In my mind, the data flow was just [calculate relative onset times] → [mlp], but something more complex is happening? I’m not sure what the lag map is, for instance.

If the most distant sensor is problematic, then it’s probably worth stepping back from MLPs and looking at that: is it more noisy measurements (so, stochastic in character) and / or added nonlinear effects? Having some idea of what’s causing the dog-shittiness should help figure out what to do about it.

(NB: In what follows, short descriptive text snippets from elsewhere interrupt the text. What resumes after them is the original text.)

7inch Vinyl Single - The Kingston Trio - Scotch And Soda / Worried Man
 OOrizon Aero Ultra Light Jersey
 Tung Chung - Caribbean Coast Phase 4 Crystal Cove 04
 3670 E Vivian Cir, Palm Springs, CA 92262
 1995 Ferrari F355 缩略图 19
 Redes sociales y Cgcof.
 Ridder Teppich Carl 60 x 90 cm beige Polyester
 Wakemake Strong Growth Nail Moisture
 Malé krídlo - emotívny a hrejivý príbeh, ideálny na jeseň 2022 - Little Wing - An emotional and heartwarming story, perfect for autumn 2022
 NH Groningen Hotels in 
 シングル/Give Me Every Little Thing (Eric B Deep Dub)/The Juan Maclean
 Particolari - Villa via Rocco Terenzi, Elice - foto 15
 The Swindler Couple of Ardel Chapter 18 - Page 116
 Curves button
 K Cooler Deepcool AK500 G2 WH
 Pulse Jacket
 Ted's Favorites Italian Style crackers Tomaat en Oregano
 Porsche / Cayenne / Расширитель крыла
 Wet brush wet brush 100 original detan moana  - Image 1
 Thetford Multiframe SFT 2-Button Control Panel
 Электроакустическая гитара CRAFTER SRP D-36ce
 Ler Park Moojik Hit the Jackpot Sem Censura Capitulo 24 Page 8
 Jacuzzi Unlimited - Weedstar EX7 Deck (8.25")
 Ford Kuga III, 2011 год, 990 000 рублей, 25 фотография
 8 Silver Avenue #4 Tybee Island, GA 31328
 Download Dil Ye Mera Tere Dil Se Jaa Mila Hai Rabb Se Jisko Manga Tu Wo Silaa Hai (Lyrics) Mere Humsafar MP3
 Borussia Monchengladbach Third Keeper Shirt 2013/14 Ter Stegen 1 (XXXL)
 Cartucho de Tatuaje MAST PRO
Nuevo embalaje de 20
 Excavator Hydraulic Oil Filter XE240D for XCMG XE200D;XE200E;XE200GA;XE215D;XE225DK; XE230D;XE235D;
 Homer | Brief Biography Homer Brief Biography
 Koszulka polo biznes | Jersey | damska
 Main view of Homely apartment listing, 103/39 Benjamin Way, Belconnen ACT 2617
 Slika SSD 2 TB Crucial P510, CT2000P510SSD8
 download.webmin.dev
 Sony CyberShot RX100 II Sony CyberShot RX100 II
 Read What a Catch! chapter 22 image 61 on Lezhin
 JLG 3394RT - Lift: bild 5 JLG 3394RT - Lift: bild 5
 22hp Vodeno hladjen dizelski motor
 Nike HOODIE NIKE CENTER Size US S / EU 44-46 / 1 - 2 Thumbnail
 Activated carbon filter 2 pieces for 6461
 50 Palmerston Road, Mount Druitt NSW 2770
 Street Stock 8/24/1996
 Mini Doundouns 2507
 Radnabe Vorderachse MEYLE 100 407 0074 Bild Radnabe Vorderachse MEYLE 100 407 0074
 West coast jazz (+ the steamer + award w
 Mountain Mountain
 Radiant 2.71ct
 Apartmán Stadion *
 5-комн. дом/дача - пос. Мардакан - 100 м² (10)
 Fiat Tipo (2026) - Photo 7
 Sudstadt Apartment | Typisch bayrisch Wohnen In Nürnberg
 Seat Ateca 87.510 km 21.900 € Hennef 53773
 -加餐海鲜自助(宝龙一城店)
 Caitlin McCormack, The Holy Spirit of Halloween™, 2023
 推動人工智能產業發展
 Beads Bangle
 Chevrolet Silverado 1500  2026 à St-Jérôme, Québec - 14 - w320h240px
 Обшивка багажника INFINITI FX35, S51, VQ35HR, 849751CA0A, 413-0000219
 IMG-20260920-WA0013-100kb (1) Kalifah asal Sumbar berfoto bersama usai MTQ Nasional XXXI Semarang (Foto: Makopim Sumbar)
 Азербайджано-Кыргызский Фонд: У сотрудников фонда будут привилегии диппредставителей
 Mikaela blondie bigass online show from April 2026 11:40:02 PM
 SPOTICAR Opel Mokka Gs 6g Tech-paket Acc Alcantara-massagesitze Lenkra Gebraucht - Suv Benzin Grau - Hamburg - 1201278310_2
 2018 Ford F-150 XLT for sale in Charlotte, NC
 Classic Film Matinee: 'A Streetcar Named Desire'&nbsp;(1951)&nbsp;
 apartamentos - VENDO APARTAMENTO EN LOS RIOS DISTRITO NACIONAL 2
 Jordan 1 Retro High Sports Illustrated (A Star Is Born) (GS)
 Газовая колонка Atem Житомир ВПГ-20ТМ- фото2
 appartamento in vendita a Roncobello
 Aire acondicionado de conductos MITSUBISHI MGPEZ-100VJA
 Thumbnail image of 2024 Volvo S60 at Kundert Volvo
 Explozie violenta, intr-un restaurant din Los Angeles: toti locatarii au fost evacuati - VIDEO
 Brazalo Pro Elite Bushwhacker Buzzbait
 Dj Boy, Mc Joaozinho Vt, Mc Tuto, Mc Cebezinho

Meanwhile, with respect to the MLPs

Really 10 layers? I used a single layer of 10 neurons, i.e. [fluid.mlpregressor~ @hiddenlayers 10]. But it may be academic if we’ve established that we’re not trying even vaguely equivalent inputs / outputs. In any case, you usually want more observations than neurons (so 9 training points isn’t going to be that reliable), but if it converges significantly worse with more training data then that points to something either funky with the data, or a network topology that isn’t up to the job.

Standardizing will make the job of the optimizer easier, but shouldn’t necessarily make the difference between being able to converge or not.

Can you just send me your raw(est) training data and patches offline? I don’t think I’m going to get a grasp on exactly what’s going on otherwise.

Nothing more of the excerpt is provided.